• _Exercise requirements_
Copy out the entries that come next, exactly.

• _Given records_
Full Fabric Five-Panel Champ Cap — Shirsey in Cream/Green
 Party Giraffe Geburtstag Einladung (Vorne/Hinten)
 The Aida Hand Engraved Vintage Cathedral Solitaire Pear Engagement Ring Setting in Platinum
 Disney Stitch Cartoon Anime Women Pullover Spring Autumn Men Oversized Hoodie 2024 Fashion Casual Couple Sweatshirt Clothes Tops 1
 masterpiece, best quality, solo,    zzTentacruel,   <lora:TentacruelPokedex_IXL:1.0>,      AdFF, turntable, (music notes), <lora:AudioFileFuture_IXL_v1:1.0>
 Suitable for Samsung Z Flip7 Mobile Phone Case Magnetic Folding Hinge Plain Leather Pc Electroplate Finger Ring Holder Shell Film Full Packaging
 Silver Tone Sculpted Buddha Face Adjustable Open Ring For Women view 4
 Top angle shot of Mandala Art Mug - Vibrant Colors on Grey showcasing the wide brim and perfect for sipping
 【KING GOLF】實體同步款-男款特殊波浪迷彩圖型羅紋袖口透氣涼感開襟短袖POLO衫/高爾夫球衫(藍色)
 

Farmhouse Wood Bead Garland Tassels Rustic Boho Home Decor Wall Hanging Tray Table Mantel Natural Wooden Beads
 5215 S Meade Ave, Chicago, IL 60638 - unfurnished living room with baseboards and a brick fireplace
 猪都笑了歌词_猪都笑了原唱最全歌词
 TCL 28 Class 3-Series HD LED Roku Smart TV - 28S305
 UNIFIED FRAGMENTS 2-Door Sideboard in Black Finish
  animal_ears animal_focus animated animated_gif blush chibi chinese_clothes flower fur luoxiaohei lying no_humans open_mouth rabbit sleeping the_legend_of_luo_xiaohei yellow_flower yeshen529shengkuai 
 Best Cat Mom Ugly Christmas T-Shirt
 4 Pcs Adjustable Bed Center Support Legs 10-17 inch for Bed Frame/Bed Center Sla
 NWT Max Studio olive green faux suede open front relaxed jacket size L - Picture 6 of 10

• _The completed task_
Full Fabric Five-Panel Champ Cap — Shirsey in Cream/Green
 Party Giraffe Geburtstag Einladung (Vorne/Hinten)
 The Aida Hand Engraved Vintage Cathedral Solitaire Pear Engagement Ring Setting in Platinum
 Disney Stitch Cartoon Anime Women Pullover Spring Autumn Men Oversized Hoodie 2024 Fashion Casual Couple Sweatshirt Clothes Tops 1
 masterpiece, best quality, solo,    zzTentacruel,   <lora:TentacruelPokedex_IXL:1.0>,      AdFF, turntable, (music notes), <lora:AudioFileFuture_IXL_v1:1.0>
 Suitable for Samsung Z Flip7 Mobile Phone Case Magnetic Folding Hinge Plain Leather Pc Electroplate Finger Ring Holder Shell Film Full Packaging
 Silver Tone Sculpted Buddha Face Adjustable Open Ring For Women view 4
 Top angle shot of Mandala Art Mug - Vibrant Colors on Grey showcasing the wide brim and perfect for sipping
 【KING GOLF】實體同步款-男款特殊波浪迷彩圖型羅紋袖口透氣涼感開襟短袖POLO衫/高爾夫球衫(藍色)
 

Farmhouse Wood Bead Garland Tassels Rustic Boho Home Decor Wall Hanging Tray Table Mantel Natural Wooden Beads
 5215 S Meade Ave, Chicago, IL 60638 - unfurnished living room with baseboards and a brick fireplace
 猪都笑了歌词_猪都笑了原唱最全歌词
 TCL 28 Class 3-Series HD LED Roku Smart TV - 28S305
 UNIFIED FRAGMENTS 2-Door Sideboard in Black Finish
  animal_ears animal_focus animated animated_gif blush chibi chinese_clothes flower fur luoxiaohei lying no_humans open_mouth rabbit sleeping the_legend_of_luo_xiaohei yellow_flower yeshen529shengkuai 
 Best Cat Mom Ugly Christmas T-Shirt
 4 Pcs Adjustable Bed Center Support Legs 10-17 inch for Bed Frame/Bed Center Sla
 NWT Max Studio olive green faux suede open front relaxed jacket size L - Picture 6 of 10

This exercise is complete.